Il n'est pas question de soirées culturelles où nobles et membres du Comité du Salut Public se croisent en fronçant le sourcils.
Je comprends cependant l'attrait de raconter la rencontre entre Marguerite et Percy ainsi que d'alimenter un peu le personnage de Chauvelin.
Ce n'est pas rédhibitoire mais cela rend tout de même la menace pesant sur Percy et sa ligue plus légère ainsi que le problème de couple de Percy et Marguerite moins profond. En effet, lorsqu'elle est sensée le rencontrer il ne joue pas son rôle de dandy falot et la profonde cassure de leur mariage vient après quelques mois de bonheur. Marguerite voit l'homme qu'elle aime disparaître. Le fond de l'histoire du Mouron Rouge, c'est la nécessité que Percy a de maintenir sa façade en permanence à cause de la supposée trahison de sa femme. Ici, il lui a toujours menti sur sa personnalité. Cela enlève à notre couple principal une dimension un peu tragique et une fin plus jubilatoire.
Le plus invraisemblable est le sauvetage du jeune Louis (XVII) de sa prison du Temple.

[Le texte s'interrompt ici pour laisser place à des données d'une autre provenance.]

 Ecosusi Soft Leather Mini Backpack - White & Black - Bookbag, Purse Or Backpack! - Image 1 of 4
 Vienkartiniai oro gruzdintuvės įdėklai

Cependant, c'est dans les romans, la Baronne ayant décidé screw history!
Je ne retiendrai donc pas cette uchronie contre le téléfilm qui embrasse son sujet avec ferveur.
La première invraisemblance est plus difficile à avaler car évitable très simplement.

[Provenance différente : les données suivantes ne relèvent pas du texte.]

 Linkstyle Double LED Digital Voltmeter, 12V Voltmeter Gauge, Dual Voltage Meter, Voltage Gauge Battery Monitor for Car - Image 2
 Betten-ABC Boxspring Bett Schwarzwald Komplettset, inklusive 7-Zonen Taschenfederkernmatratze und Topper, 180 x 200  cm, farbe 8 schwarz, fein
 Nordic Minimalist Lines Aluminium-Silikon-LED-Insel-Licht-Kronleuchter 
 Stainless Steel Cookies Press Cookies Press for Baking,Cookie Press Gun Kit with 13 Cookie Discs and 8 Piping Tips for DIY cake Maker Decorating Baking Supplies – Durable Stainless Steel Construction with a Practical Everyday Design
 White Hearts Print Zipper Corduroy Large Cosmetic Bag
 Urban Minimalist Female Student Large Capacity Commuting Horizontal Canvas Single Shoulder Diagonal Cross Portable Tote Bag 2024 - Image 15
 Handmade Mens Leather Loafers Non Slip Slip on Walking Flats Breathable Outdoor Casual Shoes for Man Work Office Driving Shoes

La production est de belle qualité et on sent bien que tous les moyens ont été mis au service de ce récit romanesque à souhait aussi bien pour les décors naturels que pour les costumes.

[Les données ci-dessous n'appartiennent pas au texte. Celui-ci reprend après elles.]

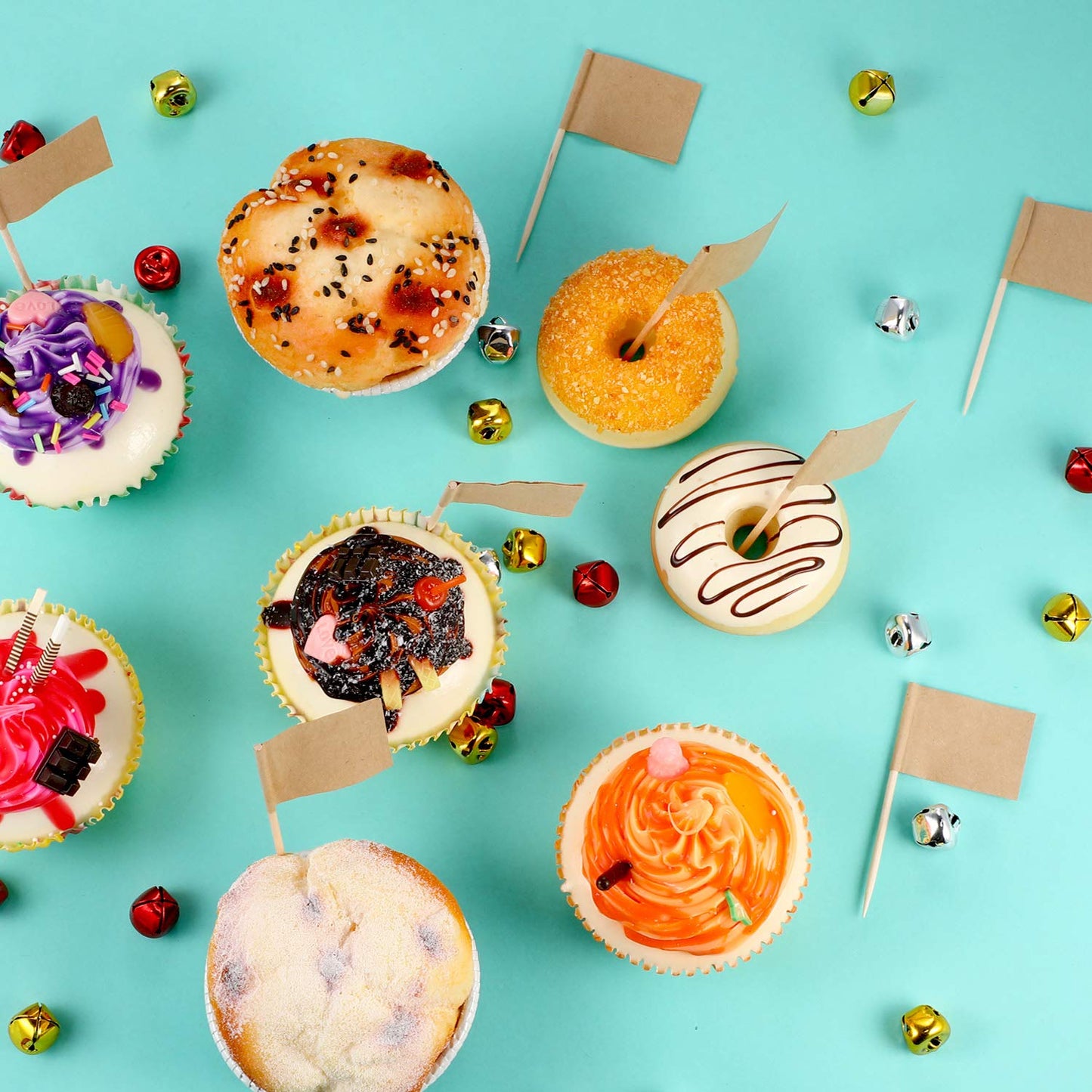 Pangda 100 Pieces Blank Toothpick Flags Cheese Markers Food Labels for Party Buffet Cheese Labels for Charcuterie Board Food Board Accessories Flag Toothpicks for Appetizers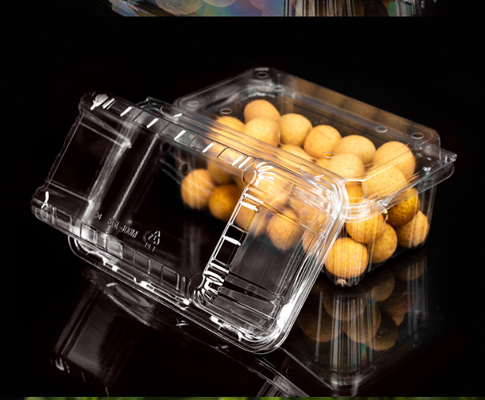 Caixa de frutas de uso único, caixa de corte de frutas e vegetais PET de qualidade alimentar, tampa transparente com tampa, caixa de embalagem à prova de vazamentos, caixa de embalagem de supermercado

La distribution est dominée par Jane Seymour en Marguerite Saint Just, rayonnante et impeccable et Ian McKellan parfait en Chauvelin amoureux transis et rancunier. Il est assez subtil néanmoins pour rendre son personnage pitoyable.
Je n'ai cependant pas été impressionnée par la prestation d'Anthony Andrews. C'est un bon acteur, il passe sans effort du héros téméraire, au dandy superficiel, à l'homme du peuple etc... Il est versatile et c'est ce que demande le rôle.
Il manque cependant de subtilité. En effet, si dans les moments les plus naturels de Sir Percy il est impeccable, son personnage de bouffon bouffi est trop marqué, le phrasé est maladroit et haché et il est trop clair que Sir Percy joue un rôle. Quant à ses déguisements, il en fait trop également.
Cela ne gâche pas la série mais cela gâche un peu le personnage pour moi (je suis fan de Sir Percy).
Je conseille néanmoins vivement cette version de qualité.